In a lithium ion battery of a secondary battery, an active material is coated on a positive electrode conductive foil and a negative electrode conductive foil to have a predetermined thickness, and a separation membrane is interposed between the positive and negative electrode foils, thereby forming a jelly roll or a cylindrical shape. The electrode assembly produced by winding is housed in a cylindrical or square can, a pouch, or the like, and sealed.

Korean Patent Publication No. 10-2010-0080414 discloses a conventional secondary battery.

1 is an exploded perspective view showing an electrode assembly in which a pouch of a conventional pouch-type secondary battery is opened and received therein.

As shown in FIG. 1, a conventional pouch-type secondary battery has a V-shaped portion in which an electrode tab 50 of an electrode assembly 30 accommodated therein is bent in a V-shape.

2. Description of the Related Art In recent years, a large-capacity secondary battery has been developed in accordance with a demand for a large-capacity secondary battery for use in an electric vehicle while using the secondary battery in various fields.

However, in the case of a large-capacity secondary battery, the size of the secondary battery becomes large. In the secondary battery having a large size, an empty space is formed by the internal V-fammering portion. After the degassing process inside the pouch, The shape of the pouch may be deformed or the position of the electrode assembly may be deformed.

SUMMARY OF THE INVENTION Accordingly, it is an object of the present invention to provide a two-cavity pouch type secondary battery which is capable of eliminating voids formed by a V-framing portion of an electrode assembly accommodated in a secondary cavity pouch type secondary battery, A secondary battery that can be used as a secondary battery.

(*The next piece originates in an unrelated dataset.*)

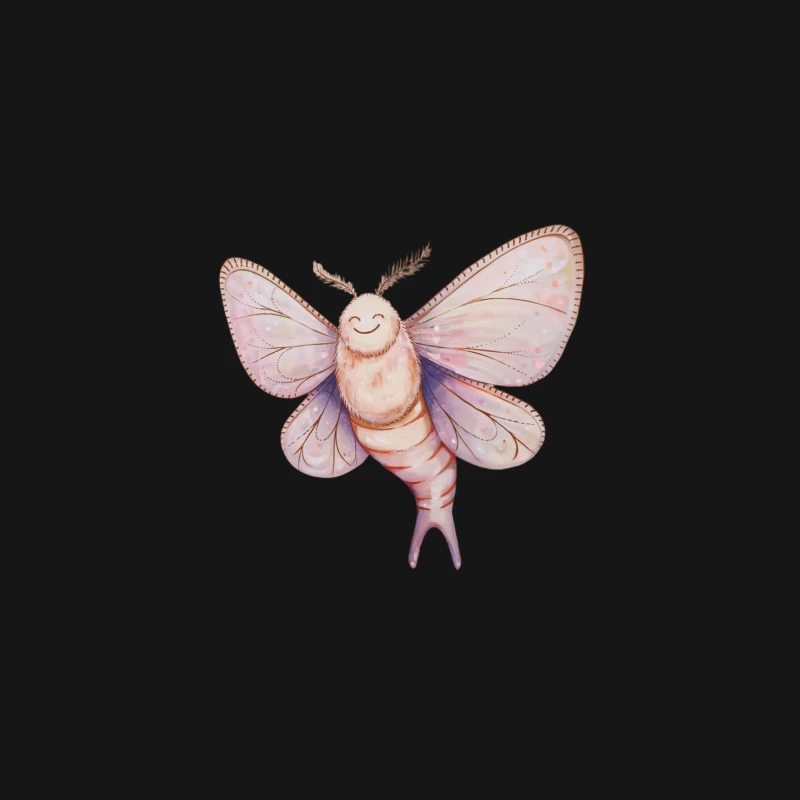 Whimsical Watercolor Moth Illustration with Cute Smile Mouse Pad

A secondary battery according to an embodiment of the present invention includes a plurality of electrode assemblies and a pouch for accommodating the electrode assembly, and the pouch includes depressions recessed toward the inner pores.

The electrode tabs are electrically connected to the electrode tabs of the electrode assembly. The electrode tabs extend through the pouches. The electrode tabs form a bent portion that is bent. The voids are located between the electrode assembly and the pouch. It may be an unspecified space.

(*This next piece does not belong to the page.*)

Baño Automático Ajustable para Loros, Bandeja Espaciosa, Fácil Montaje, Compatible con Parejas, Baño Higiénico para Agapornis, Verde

The V-forming portion may be formed to be offset to one side of the inside of the pouch.

The pouch may include a first pouch portion for accommodating one electrode assembly therein and a second pouch portion for accommodating the other electrode assembly therein and sealing the first pouch portion by engaging with the first pouch portion .

The depressed portion may be formed in one of the first pouch portion and the second pouch portion.

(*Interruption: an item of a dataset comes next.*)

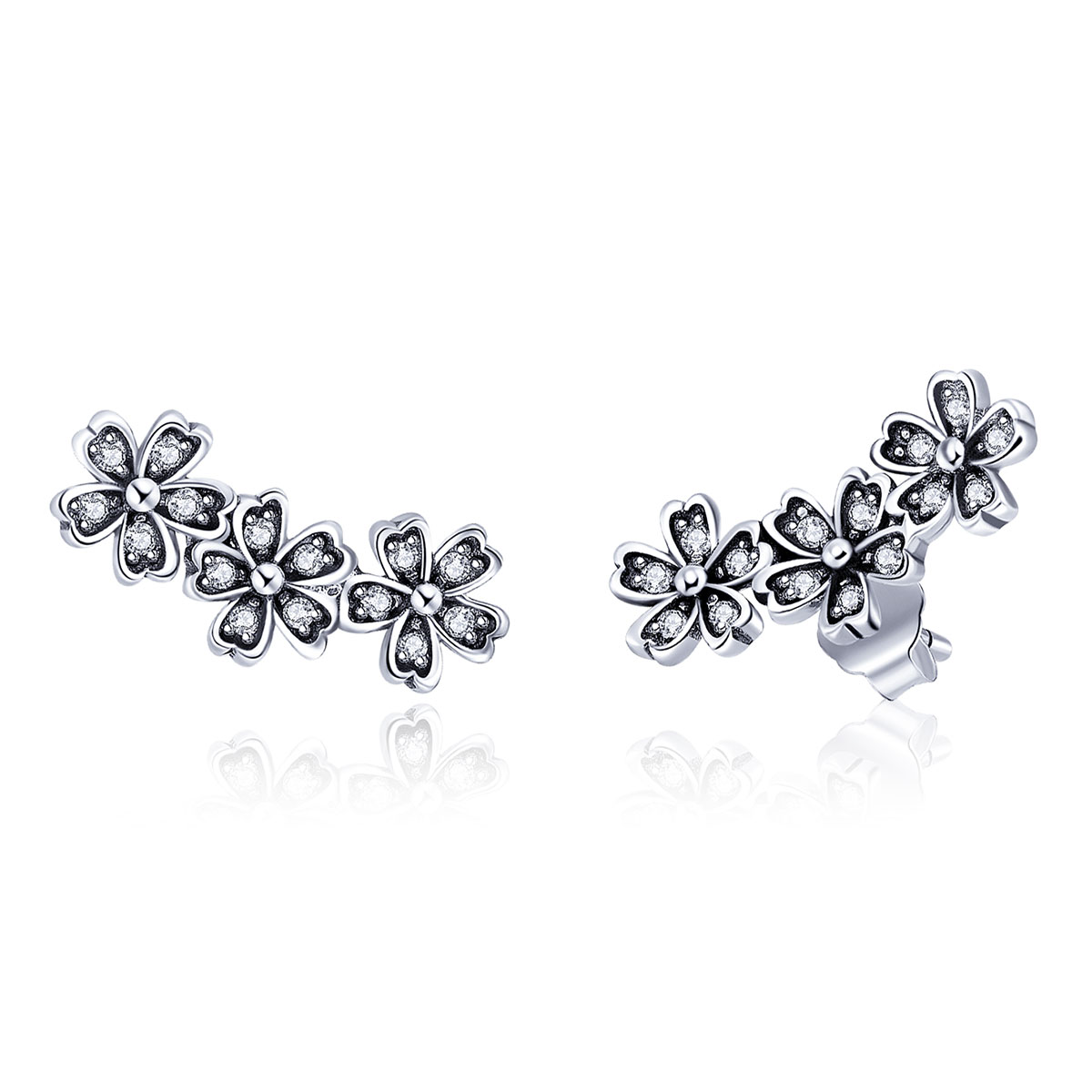 Pandora Style Gecontracteerde Daisy Oorknopjes - SCE419 Pandora Style Gecontracteerde Daisy Oorknopjes - SCE419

The first pouch portion and the second pouch portion may have different sizes.

The first pouch portion and the second pouch portion may have smaller depressions.

The one electrode assembly and the other electrode assembly may have different sizes.

The first pouch portion may be formed to correspond to the size of the one electrode assembly, and the second pouch portion may correspond to the size of the other electrode assembly.

According to the present invention, it is possible to prevent the deformation of the secondary battery after the degassing process by removing the empty space inside the pouch caused by the V-forming unit.

According to the present invention, the void space inside the pouch is removed to minimize the volume.

According to the present invention, the pouch can be assembled in correspondence with the shape or the size of the electrode assembly accommodated in the two cavity pouches.

According to the present invention, the secondary pouches of the two-cavity pouches can be made different in size from each other.

1 is an exploded perspective view showing an electrode assembly in which a pouch of a conventional pouch-type secondary battery is opened and received therein.
FIG. 2 is a side perspective view of a secondary battery according to an embodiment of the present invention, viewed from the side so that the interior of the secondary battery can be seen. FIG.
FIG. 3 is a side perspective view showing the empty space removed in FIG. 2 as a dotted line. FIG.
FIG. 4 is a side perspective view illustrating the interior of a secondary battery according to another embodiment of the present invention. FIG.

Hereinafter, a secondary battery according to a preferred embodiment of the present invention will be described in detail with reference to the accompanying drawings.

The terms and words used in the present specification and claims should not be construed as limited to ordinary or dictionary terms and the inventor may appropriately define the concept of the term in order to best describe its invention It should be construed as meaning and concept consistent with the technical idea of the present invention. Therefore, the embodiments described in the present specification and the configurations shown in the drawings are only the most preferred embodiments of the present invention and do not represent all the technical ideas of the present invention. Therefore, various alternatives It should be understood that there may be equivalents.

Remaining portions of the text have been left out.